We've heard nothing more about the AfD's arms plans. At least they've committed to diplomacy and not a campaign against Russia. They also want to resume importing Russian gas and pay for it at world market prices, instead of imposing ridiculous sanctions on Russia.
Only Merz's inner circle considers it sensible to use military means to blackmail Russia into paying low natural gas prices, because it is clear that only the American superpower with a strong president can afford this, but three weak European heads of government cannot.
It's unknown whether the AfD isn't also indebting Germany on the capital market to show off its tanks and fighter jets. The party leadership is keeping quiet. Are they afraid that the state media will brand them traitors to their country if they try to stop this ludicrous arms buildup?
But since the coronavirus crisis, we've had to expect the most ludicrous campaigns. And we can all expect the government to lash out when the miserable social situation becomes more apparent in the fall.
"Every day, a new proposal for the overhaul of social security. The idea of SPD would-be economist Marcel Fratzscher is particularly popular at the moment: rich pensioners should be fleeced and, incidentally, forced into the armed forces or to serve in social institutions. It's time to remind ourselves of a few basic principles. Whether you listen to Bärbel Bas, the Minister of Social Affairs, or Friedrich Merz, both speak very freely and cluelessly about this topic. "We're living beyond our means," booms Friedrich Merz. Neither of them has a clue. And both freely distribute the insured's money, which doesn't belong to them.
1. Who is living beyond whose means?
Every employee who looks at their payslip at the end of the month is shocked by the deductions for insurance contributions. Many accept them, assuming they'll be protected in old age or in the event of illness. Doing the math is difficult, especially since half of the total contributions are deducted by the employer, thus hidden from the insured.

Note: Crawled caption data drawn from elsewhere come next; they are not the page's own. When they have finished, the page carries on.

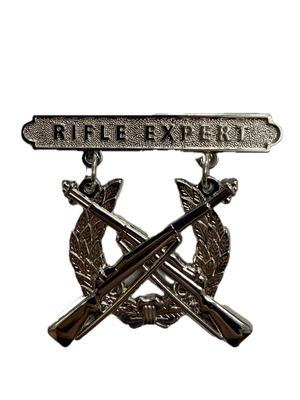 U.S. Marine Corps RIFLE EXPERT Qualification Badge Pin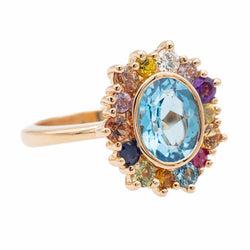 Bague Marguerite Or rose Topaze - Castafiore
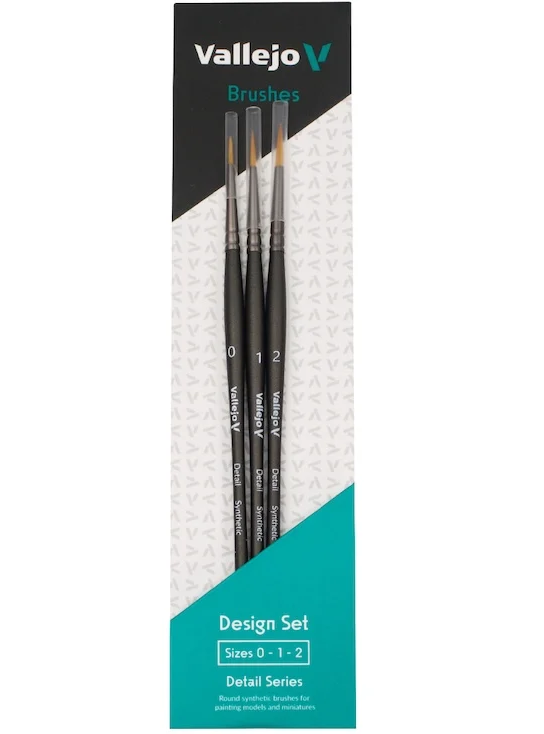 GUNDAM TOOLS - Brush Round Pinter Set - Size '0-1-2'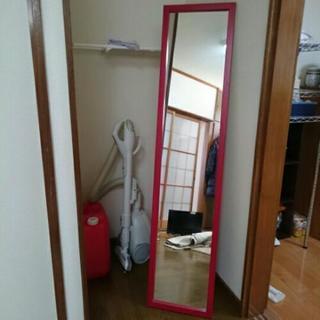 木製スタンドミラー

Simply double the sum of the deductions – and you've arrived at the true costs and contributions. Because one thing is clear: For employers, social security contributions are simply part of the labor costs. Whether these are paid to the employee or to the state makes no difference to the employer's calculations. That's why labor is so expensive in Germany – and all the gross-net calculations you find are exaggerated. The employer's share has to be added to the gross amount. Which makes what remains net all the more pitiful. And if you do this calculation, you arrive at a highly thought-provoking result.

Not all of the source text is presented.